Giovanna Amati est la fille de Giovanni Amati, propriétaire de plusieurs théâtres et cinémas, et de l'actrice Anna Maria Pancani. En 1978, alors qu'elle n'a que 18 ans, elle est enlevée et retenue prisonnière pendant 75 jours dans une cage en bois. Cette affaire fait grand bruit, notamment parce que sa famille parvient à payer la rançon en utilisant les recettes de la sortie du film Star Wars dans leurs cinémas, alors que les autorités avaient bloqué leurs avoirs. Cet épisode, largement médiatisé, a durablement marqué son image publique.
Elle commence sa carrière automobile au début des années 1980, après avoir suivi une formation dans une école de pilotage aux côtés de son ami Elio de Angelis. Elle commence en Formule Abarth en 1981. En 1984, elle accède au championnat italien de Formule 3 qu'elle dispute pendant trois ans, obtenant des résultats modestes mais réguliers. En 1987, elle passe en Formule 3000, la catégorie antichambre de la Formule 1. Elle ne parvient toutefois à se qualifier qu'une seule fois, à Donington. L'année suivante, elle améliore ses performances avec deux dixièmes places, à Monza et à Jerez. En 1989, elle tente sa chance au Japon dans le championnat Super Formula, sans succès notable toutefois.
De retour en Europe en 1990, elle participe à nouveau au championnat de Formule 3000. Cette saison est marquée par un accident survenu lors d'essais à Brands Hatch, dont elle ressort avec de légères blessures.

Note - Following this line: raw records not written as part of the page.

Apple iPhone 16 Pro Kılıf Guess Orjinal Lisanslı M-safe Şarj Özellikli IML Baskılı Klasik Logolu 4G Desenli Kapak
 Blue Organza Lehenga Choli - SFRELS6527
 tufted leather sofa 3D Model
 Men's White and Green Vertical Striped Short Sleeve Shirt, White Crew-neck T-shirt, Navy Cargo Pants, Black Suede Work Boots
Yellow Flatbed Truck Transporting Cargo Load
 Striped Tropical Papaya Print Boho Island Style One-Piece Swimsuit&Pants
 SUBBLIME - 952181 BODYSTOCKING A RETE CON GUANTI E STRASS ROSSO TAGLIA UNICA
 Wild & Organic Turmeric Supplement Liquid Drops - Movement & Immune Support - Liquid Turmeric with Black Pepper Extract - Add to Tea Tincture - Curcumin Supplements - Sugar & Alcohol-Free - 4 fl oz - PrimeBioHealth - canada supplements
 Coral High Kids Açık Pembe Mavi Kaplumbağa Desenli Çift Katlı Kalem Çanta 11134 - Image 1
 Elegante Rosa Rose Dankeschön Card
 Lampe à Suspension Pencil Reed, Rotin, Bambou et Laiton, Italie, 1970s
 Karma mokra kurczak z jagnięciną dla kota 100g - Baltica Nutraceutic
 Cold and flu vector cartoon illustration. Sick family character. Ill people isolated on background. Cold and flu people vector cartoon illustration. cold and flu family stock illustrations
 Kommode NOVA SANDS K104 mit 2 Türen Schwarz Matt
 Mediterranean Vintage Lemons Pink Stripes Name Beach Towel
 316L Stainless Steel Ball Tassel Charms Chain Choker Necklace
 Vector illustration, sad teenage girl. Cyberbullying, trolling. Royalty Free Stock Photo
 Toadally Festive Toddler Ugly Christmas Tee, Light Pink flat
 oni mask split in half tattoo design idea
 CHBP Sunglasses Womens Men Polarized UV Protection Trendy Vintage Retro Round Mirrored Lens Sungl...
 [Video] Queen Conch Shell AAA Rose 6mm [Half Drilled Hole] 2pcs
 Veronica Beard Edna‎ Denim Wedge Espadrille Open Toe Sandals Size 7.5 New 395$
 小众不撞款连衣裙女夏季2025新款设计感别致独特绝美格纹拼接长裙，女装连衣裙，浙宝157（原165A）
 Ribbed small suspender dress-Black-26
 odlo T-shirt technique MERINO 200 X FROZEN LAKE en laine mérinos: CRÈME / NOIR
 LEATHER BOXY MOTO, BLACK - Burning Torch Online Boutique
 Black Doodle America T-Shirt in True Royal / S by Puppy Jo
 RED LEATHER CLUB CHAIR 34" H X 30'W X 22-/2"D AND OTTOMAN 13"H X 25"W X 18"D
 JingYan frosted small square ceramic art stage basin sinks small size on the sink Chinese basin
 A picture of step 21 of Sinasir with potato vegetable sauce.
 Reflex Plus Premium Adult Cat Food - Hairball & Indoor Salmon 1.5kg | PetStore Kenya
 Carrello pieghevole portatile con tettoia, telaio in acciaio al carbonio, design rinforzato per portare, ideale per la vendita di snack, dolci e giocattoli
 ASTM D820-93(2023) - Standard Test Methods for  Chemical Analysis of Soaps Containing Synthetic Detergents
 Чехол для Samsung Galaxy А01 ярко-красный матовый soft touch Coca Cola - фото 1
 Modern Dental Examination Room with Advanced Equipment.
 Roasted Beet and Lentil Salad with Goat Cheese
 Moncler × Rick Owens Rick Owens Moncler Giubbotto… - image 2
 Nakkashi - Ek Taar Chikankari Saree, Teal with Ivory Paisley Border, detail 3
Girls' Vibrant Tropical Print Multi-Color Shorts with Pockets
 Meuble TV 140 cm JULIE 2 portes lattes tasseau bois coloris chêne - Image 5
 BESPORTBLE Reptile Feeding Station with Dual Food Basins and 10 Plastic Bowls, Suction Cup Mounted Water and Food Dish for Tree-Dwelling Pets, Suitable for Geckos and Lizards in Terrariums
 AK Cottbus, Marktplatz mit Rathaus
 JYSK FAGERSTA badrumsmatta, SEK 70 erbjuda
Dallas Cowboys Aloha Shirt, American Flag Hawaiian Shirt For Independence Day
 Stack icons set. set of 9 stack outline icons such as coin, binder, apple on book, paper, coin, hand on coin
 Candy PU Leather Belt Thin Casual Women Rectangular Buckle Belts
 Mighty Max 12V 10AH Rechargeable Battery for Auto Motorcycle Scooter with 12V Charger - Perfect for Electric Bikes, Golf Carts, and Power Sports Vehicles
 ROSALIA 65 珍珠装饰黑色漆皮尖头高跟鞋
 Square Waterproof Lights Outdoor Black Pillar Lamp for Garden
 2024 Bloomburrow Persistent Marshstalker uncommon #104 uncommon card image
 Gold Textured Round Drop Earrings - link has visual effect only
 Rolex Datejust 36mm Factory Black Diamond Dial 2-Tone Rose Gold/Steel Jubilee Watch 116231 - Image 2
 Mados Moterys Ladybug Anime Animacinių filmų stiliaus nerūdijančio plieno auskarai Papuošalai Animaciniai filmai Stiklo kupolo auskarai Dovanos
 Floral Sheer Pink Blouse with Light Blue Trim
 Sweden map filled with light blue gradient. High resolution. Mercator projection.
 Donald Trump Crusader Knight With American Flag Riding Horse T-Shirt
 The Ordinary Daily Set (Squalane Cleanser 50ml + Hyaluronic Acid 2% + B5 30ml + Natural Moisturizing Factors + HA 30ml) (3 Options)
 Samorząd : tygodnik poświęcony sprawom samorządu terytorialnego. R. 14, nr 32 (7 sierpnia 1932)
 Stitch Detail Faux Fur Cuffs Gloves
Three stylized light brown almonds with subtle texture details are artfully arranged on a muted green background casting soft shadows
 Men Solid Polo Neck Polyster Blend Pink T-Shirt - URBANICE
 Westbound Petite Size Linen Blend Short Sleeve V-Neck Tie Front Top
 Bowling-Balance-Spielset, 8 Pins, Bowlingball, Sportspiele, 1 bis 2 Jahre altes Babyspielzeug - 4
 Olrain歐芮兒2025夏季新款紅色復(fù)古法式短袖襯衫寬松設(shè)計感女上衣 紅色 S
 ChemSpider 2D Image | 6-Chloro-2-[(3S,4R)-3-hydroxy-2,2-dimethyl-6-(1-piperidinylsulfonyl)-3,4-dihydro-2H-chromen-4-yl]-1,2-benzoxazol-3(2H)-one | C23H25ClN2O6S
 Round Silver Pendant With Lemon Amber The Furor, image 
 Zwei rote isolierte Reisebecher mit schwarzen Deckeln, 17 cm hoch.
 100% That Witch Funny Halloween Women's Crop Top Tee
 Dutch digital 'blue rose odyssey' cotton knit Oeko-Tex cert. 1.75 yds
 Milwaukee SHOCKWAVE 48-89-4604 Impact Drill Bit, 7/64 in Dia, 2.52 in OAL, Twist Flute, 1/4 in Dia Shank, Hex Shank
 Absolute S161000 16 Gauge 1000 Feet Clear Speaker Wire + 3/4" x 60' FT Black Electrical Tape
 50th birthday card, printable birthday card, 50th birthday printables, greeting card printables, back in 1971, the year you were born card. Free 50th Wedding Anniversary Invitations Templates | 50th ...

En 1991, elle dispute l'intégralité de la saison au volant d'une Reynard 91D Cosworth. Elle se qualifie pour six courses et termine plusieurs fois dans le top 10, sans toutefois marquer de points. À la fin de l'année, elle effectue ses premiers tours de piste en Formule 1, parcourant 30 tours au volant d'une Benetton.
A la veille de la saison 1992, Giovanna est recrutée par l'écurie Brabham pour disputer le championnat de Formule 1, devenant ainsi la cinquième femme à tenter de se qualifier pour un Grand Prix. L'équipe britannique, en grande difficulté financière, cherche à attirer des sponsors et mise sur la notoriété de l'Italienne pour susciter l'intérêt des médias. Elle est alignée aux côtés d'Éric van de Poele, au volant de la BT60B, une monoplace peu compétitive équipée d'un moteur Judd V10.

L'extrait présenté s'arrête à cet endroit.